Books, Volume 14 #2

From Dief to Defiance:
Myths of Tories Past


While Denis Smith tenaciously gets to the
facts, unrepentant Peter C. Newman marches on

Denis Smith, Rogue Tory: The Life and Legend of John G. Diefenbaker. Toronto: Macfarlane Walter & Ross, 1995. 720 pp. $39.95.
Peter C. Newman, The Canadian Revolution: From Deference to Defiance, 1985-1995. Toronto: Viking, 1995. 476 pp. $35.
Review by Rae Murphy

According to his own memoirs, John George Diefenbaker determined his ambition to become prime minister of Canada when he was eight years old. According to some correspondence between John and his adoring younger brother Elmer, the decision was made when John was six. In his admirable biography of John Diefenbaker, Rogue Tory, Denis Smith sides with brother Elmer. This inconsequential piece of trivia is illustrative of Smith's approach and of his findings.

From the very largest issues to the smallest and most petty, Diefenbaker's memoirs, both formal and informal, are self-serving to the point of being almost totally unreliable, and Smith is tenacious in getting to the facts. This means a hundred pages of tightly packed notes, an exhaustive index and an awesome, frightening bibliography.

Whether from age six or eight, Diefenbaker's goal was to be prime minister, and over half a century there was absolutely nothing in his thought, being, action and personal/political relationships that was not focused on that goal. Once this goal was achieved against all odds in 1957, the focus shifted to staying in office and then, in the wake of the utter collapse of his ministry in 1963, to creating his myth. "The Prime Minister was not an active policy-maker," writes Smith. "He came to power with few general objectives, no timetable and no strategy. Above all his instincts were tuned to his daily portion of adulation--and to the next general election."

In Smith's eyes, Diefenbaker was little more than a scheming young political opportunist who became a scheming old political opportunist who became a scheming opportunist emeritus.
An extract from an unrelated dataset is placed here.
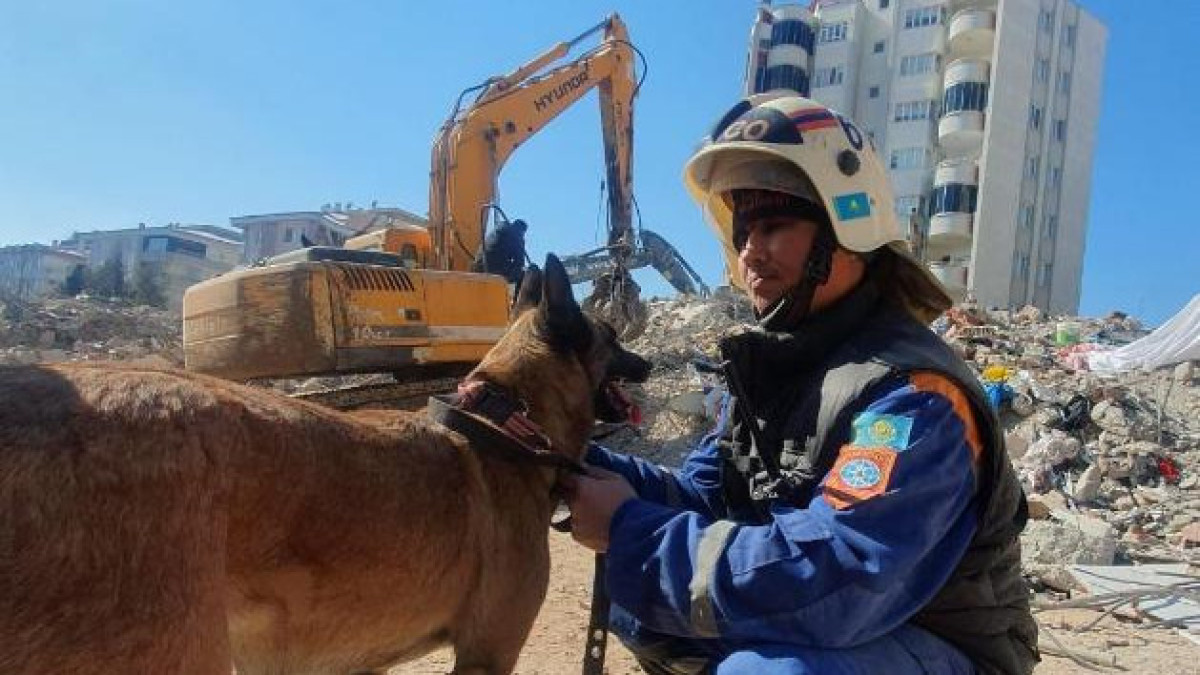 Dog rescuers in Turkey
But in this long process a goodly slice of Canadian history--especially western political history, which has shaped our modern political reality more than we suspect--was written. Smith puts this in context. Diefenbaker came to office at a time of tremendous pressures on Canada. The "Quiet Revolution" was about to mature in Quebec, Britain's entry into Europe was about to end any countervailing force to North American economic integration, the Cold War was about to enter a new phase with a militant young U.S. president, and Canada's military absorption through NORAD was now formalized. Diefenbaker neither recognized, understood nor even related to any of this.


In Smith's eyes, Diefenbaker was little more than a scheming young political opportunist who became a scheming old political opportunist who became a scheming opportunist emeritus.
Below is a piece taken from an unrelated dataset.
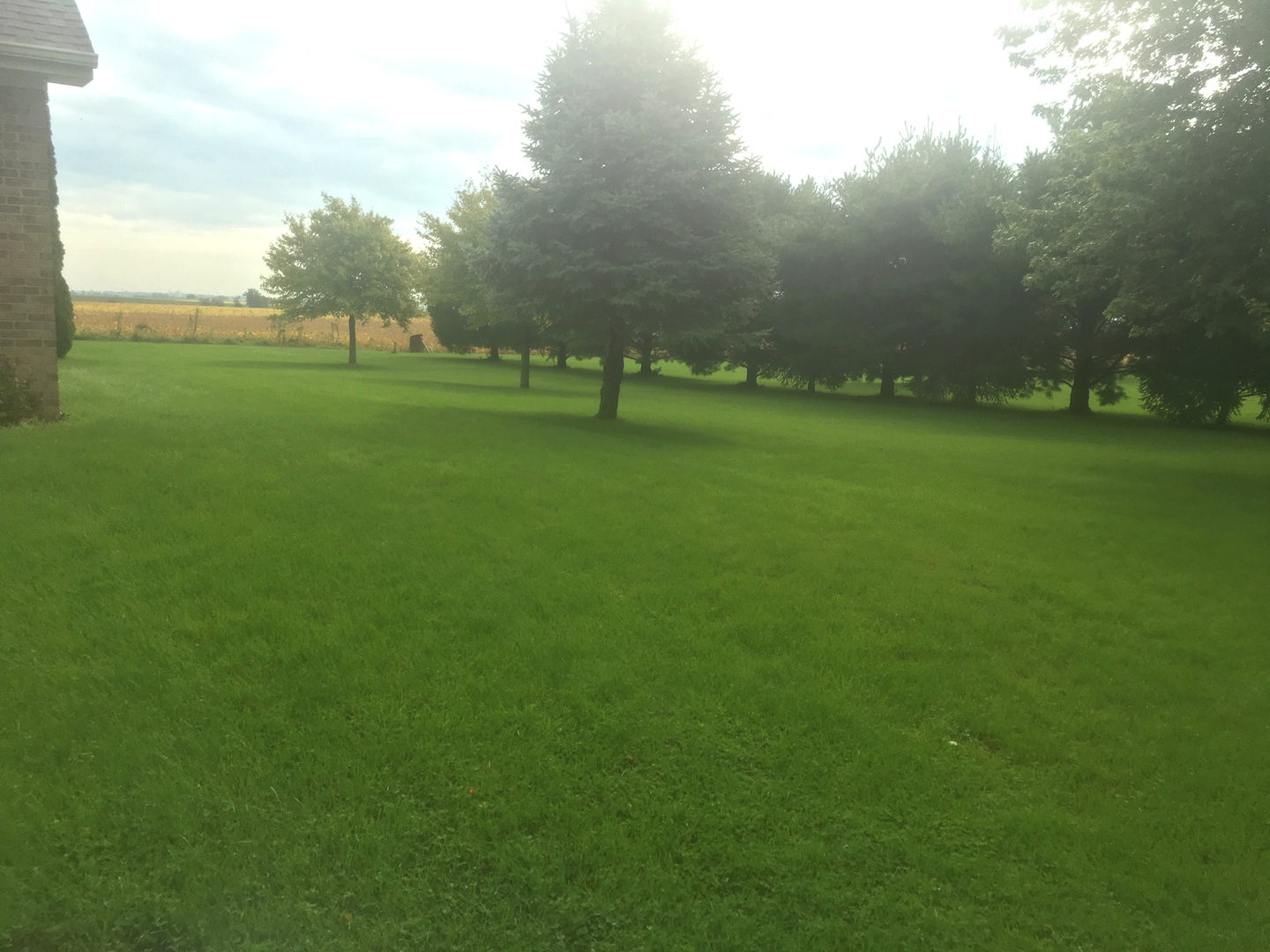 4492 East 250th Road Mendota, IL 61342 - Photo 4 of 17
And so we are left with the myth: the firebrand, populist civil libertarian lawyer (not really); the devoted Man of the House who laboured diligently in Canada's parliamentary vineyards (he made some dandy speeches but left most of the legislative heavy lifting to others); the Canadian nationalist who led the good fight against the rude encroachments of the Americans (he was little more than a pain in the butt to the American administration and the content of his fight with the U.S. was personal). Even on the issue of nuclear weapons, Diefenbaker's indecisiveness grew out of nothing more than his personal political calculations. Diefenbaker's bigotry is also a myth. Smith lays to rest the old charge that Diefenbaker was a member of the Ku Klux Klan, although he certainly used and allowed himself to be used by the Klan for a time. Conversely, his protests against the proud and strident racial and religious bigotry of the old Ontario Tory Orange machine were conditioned largely by the fact that the prairies were now being populated by immigrants from middle Europe, many of them Catholics, and they were beginning to vote.

In his introduction to a 1972 edition of Peter C. Newman's Diefenbaker study, Renegade in Power, Denis Smith criticized Newman for his reliance on Liberal sources, unsureness "in the use of abstraction and metaphor," and rhetorical flamboyance that often got in the way of boring facts. Smith concluded with a call for a thorough, balanced study of the Diefenbaker era and the events that shaped it. In 1995 he has given us that study. It is something all students of Canadian history will be grateful for.

Meanwhile, unrepentant, Peter C. marches on.

Plan A was to write a book about Brian Mulroney and his government. To that end, Peter C. Newman was to be given access to some of Mulroney's papers and records, to the Man Himself, and presumably to his political aides and personal friends. At some point Newman decided on a different course: it was "far too early to make definitive judgements about the Mulroney stewardship" and much more "urgent and interesting" to broaden the topic. In any case, "everyone, including its subject, seemed to have a hidden agenda that had little to do with writing an authentic chronicle of the period."

Fair enough. Judging by the slight, uninformative sections Newman has written on Mulroney, including appendices of some of the silliest and most trivial memos ever published, Plan A would have been a disaster. But Plan B--to take the period of time in office of a government about which the author argues it is much too early to make a definitive judgement and to proclaim a revolution, an obvious gimmick (apparently successful) to sell books--quickly veers out of control. And for a very simple reason.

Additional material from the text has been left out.